── Input data ──

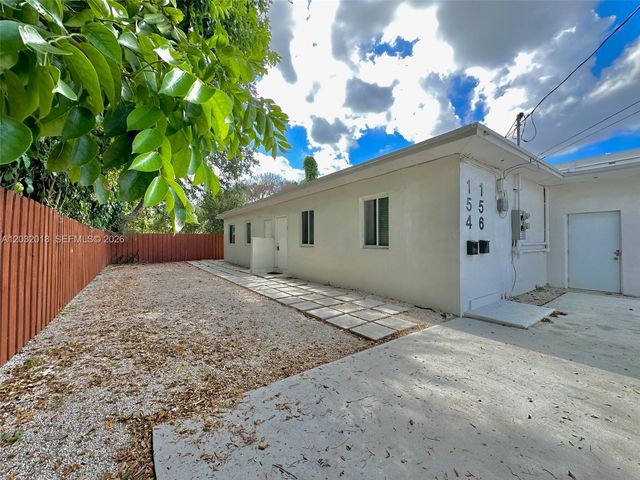 156 NW 62nd St 1, Miami, FL 33150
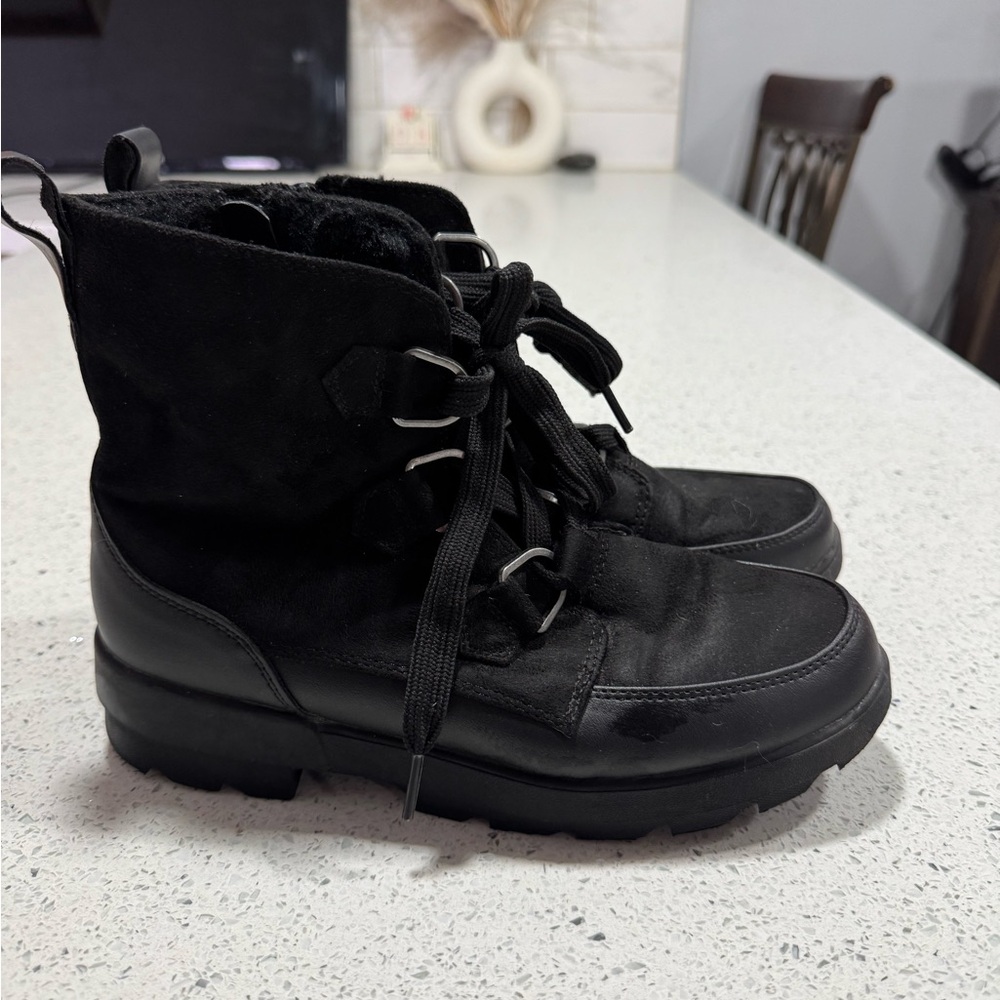 Sm New York women faux fur black lace up Boot zipper lined flat rubber suede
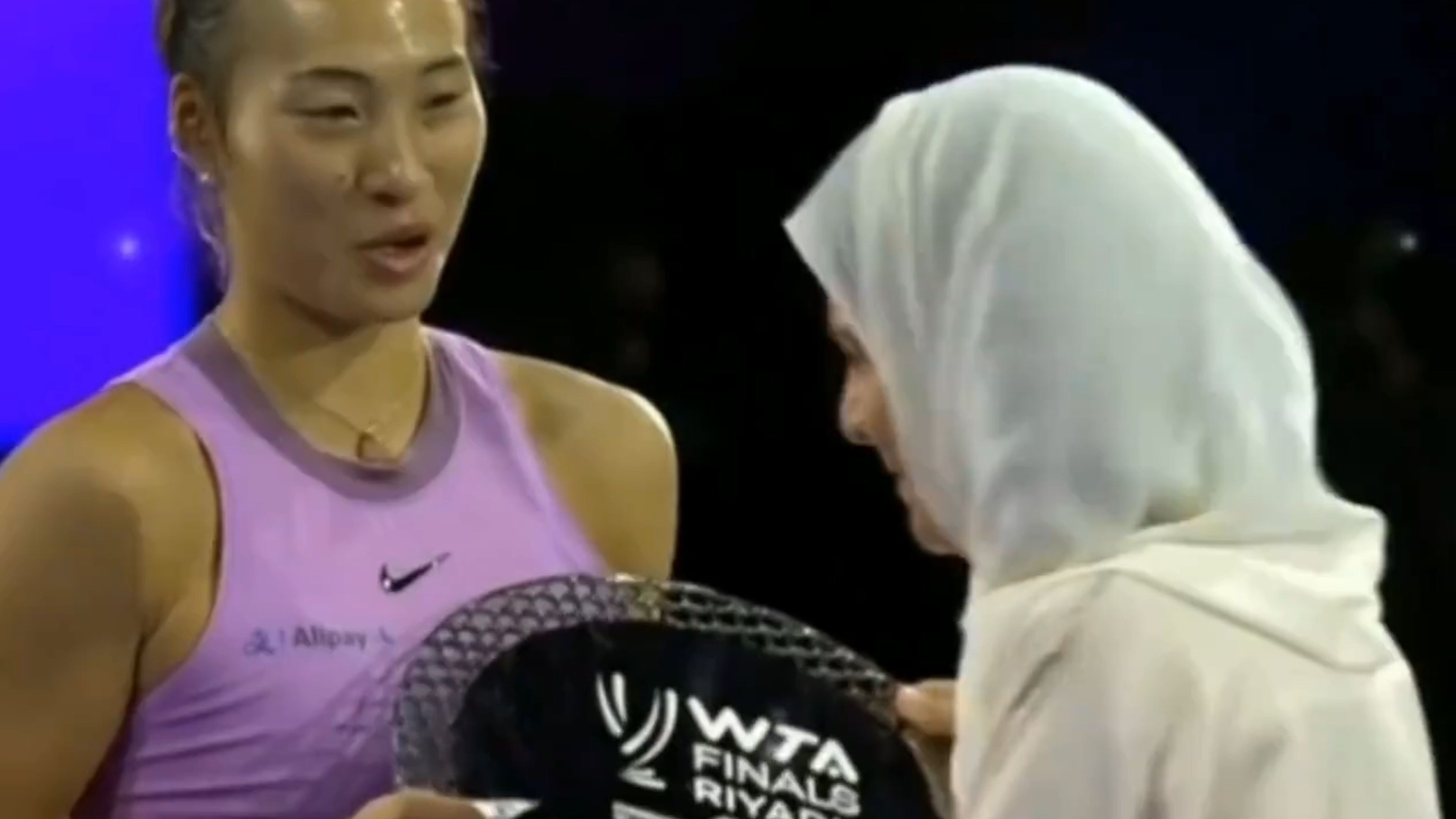 加拿大女足球员赛后感言赢得球迷掌声 加拿大女足球员赛后感言赢得球迷掌声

───

All lines of the material above should be returned unchanged, but no pictures should be included.

## Task solution
 156 NW 62nd St 1, Miami, FL 33150
 Sm New York women faux fur black lace up Boot zipper lined flat rubber suede
 加拿大女足球员赛后感言赢得球迷掌声 加拿大女足球员赛后感言赢得球迷掌声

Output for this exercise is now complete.